OVC co-champion Grantland Rice Bowl Champion

Camellia Bowl, L 14–16 vs. Northern Michigan
- Conference: Ohio Valley Conference

Ranking
- AP: No. 3
- Record: 11–2 (6–1 OVC)
- Head coach: Jimmy Feix (8th season);
- Captains: Rick Green; Bob Hobby (alt.);
- Home stadium: L. T. Smith Stadium

= 1975 Western Kentucky Hilltoppers football team =

American college football season

The 1975 Western Kentucky football team represented Western Kentucky University during the 1975 NCAA Division II football season. The team came off an 7–3 record from the prior season and was led by coach Jimmy Feix. They claimed a share of the Ohio Valley Conference championship and returned to the NCAA Division II Football Championship for the second time in three years.
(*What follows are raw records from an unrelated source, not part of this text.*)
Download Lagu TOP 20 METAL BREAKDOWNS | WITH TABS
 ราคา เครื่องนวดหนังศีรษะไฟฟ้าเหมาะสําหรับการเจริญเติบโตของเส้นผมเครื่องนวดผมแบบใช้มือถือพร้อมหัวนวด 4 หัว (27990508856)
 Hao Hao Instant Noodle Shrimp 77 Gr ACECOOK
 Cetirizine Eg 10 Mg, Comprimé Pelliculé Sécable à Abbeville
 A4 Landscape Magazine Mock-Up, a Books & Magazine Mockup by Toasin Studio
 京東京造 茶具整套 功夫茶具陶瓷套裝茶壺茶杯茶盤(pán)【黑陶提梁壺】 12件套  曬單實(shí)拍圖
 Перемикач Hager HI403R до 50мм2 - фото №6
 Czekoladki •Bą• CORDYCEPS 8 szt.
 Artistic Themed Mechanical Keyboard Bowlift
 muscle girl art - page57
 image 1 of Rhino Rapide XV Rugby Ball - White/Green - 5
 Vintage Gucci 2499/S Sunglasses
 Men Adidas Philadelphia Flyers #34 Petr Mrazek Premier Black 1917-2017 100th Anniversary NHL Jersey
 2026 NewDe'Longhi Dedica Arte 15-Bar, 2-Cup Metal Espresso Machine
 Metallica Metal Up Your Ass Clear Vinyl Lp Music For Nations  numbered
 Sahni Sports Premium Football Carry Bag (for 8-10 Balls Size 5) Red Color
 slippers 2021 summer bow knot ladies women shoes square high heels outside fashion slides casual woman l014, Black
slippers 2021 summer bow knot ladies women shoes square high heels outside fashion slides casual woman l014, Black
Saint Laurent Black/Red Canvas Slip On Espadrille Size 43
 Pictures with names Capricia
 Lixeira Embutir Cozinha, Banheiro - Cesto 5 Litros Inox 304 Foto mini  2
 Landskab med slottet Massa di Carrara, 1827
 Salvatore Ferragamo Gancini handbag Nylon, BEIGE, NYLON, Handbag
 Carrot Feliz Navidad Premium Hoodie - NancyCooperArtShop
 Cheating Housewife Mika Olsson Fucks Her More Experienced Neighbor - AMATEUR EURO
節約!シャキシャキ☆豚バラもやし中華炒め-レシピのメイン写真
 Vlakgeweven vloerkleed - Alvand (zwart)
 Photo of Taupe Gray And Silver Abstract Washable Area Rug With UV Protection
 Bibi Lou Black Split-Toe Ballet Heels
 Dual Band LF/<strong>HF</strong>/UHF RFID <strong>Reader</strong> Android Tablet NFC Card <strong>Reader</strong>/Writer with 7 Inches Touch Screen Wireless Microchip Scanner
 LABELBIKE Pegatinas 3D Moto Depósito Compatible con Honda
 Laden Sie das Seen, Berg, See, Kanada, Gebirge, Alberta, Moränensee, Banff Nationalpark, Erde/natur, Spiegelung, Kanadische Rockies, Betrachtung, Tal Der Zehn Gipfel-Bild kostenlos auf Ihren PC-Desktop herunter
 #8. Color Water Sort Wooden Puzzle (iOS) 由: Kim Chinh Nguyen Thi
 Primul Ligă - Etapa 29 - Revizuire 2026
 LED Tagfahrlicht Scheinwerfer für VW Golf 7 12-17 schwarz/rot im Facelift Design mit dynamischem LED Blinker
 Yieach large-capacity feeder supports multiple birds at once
One of the highlights of the season was a victory over NCAA Division I Louisville. The Hilltoppers won their first two playoff games, including a win over New Hampshire in the Grantland Rice Bowl, before falling in the championship game to Northern Michigan in the Camellia Bowl. They finished ranked 3rd in both the AP and UPI final polls.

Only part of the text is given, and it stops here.